Local musicians, artists and St. Croix youth connected at the West End Music and Art Institute this summer, a three week summer camp at the Caribbean Museum Center for the Arts in Frederiksted. The camp gave local youth ages 4 through 16 hands-on training in the arts.
Jared and Christel Astin founded the West End Music and Art Institute, which is free for all children, in July 2018. After beginning as an after school program in music and art, it evolved into a summer camp program.
For three weeks, local artists and musicians have mentored campers Monday through Friday, from 8 a.m. to 4:30 p.m. Teen counselors are assistants to the instructors.
Phillipa Smith Tyler teaches piano and uses her published book “100 Popular Piano Songs for the White Keys” as instruction for her classes.
“It is an easy learning tool for those with no musical background and also for those who have played before,” Tyler said.
Friday was an all-day open house for students to perform the music they have learned and to exhibit the art they have created. Parents, friends, and community members were invited to attend.

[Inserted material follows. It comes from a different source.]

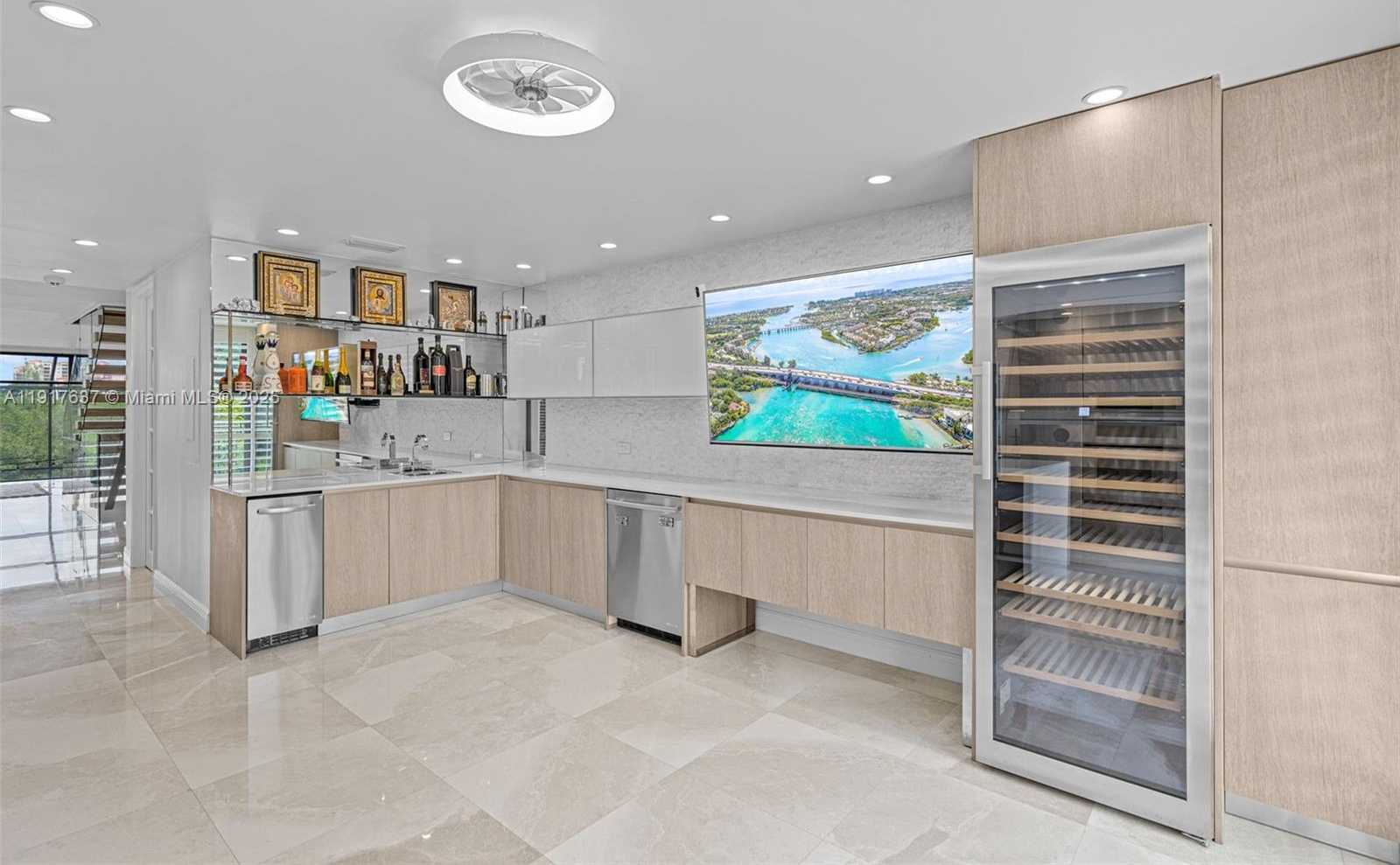 Small Image of 6124 PARADISE POINT DR #6124, Palmetto Bay Number 31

Alioune Mbaye, a seven-year-old, played a piano solo of “Lean on Me” and went on to play a piano duet of “Mary Had a Little Lamb” with ten-year-old Mykel Piper. Piper then played a solo rendition of the theme song to “Pink Panther.”
Six-year-old Ahmira Navarro played a piano solo of “Jingle Bells” and gave Alexander Walcott his turn at the piano for his solo of “Ode to Joy” by Beethoven.

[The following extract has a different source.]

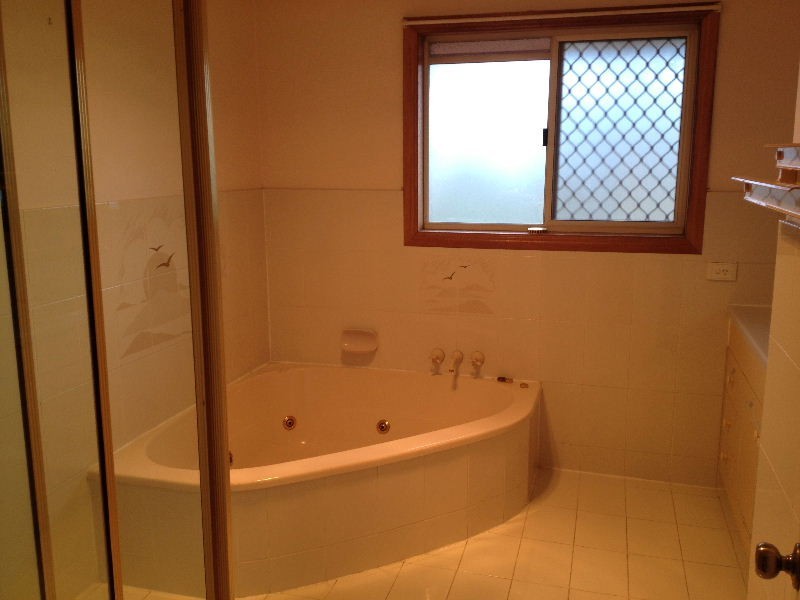 195 Scrub Road, Carindale QLD 4152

Walcott, a twelve-year-old, has been playing trumpet and piano for three years at Good Hope Country Day School. He attended the Music and Art Institute’s after-school program and continued on to the summer camp.
The summer camp was originally open to students five years old and up, but an exception was made for four-year-old Aria Alexander, who said “I have been playing piano since I was little.” She explained that she was little at two-years-old and her name means beautiful song.
Desma Alexander, Aria’s mother, is also a musician and plays steel pan and saxophone. “Aria plays her keyboard regularly at home – sometimes early in the morning and sometimes just before she goes to bed,” she said.
Tyler said she is pleased with the progress of her students during the three-week camp period. “I am hopeful they will continue in the after-school program during the coming year. These youngsters can go far with continued practice and playing,” she said.
Waldemar Brodhurst, a self-taught wire artist, was the art instructor for the wire art and large papier-mache masks the students created. He explained how the campers worked on a life-size mocko jumble.
“We had to lay it on the ground for a better angle. It took a week for the students to complete the towering stilt dancer,” Brodhurst said.
Local drummers Ray Iles and Junie Bomba instructed the students in conga drumming.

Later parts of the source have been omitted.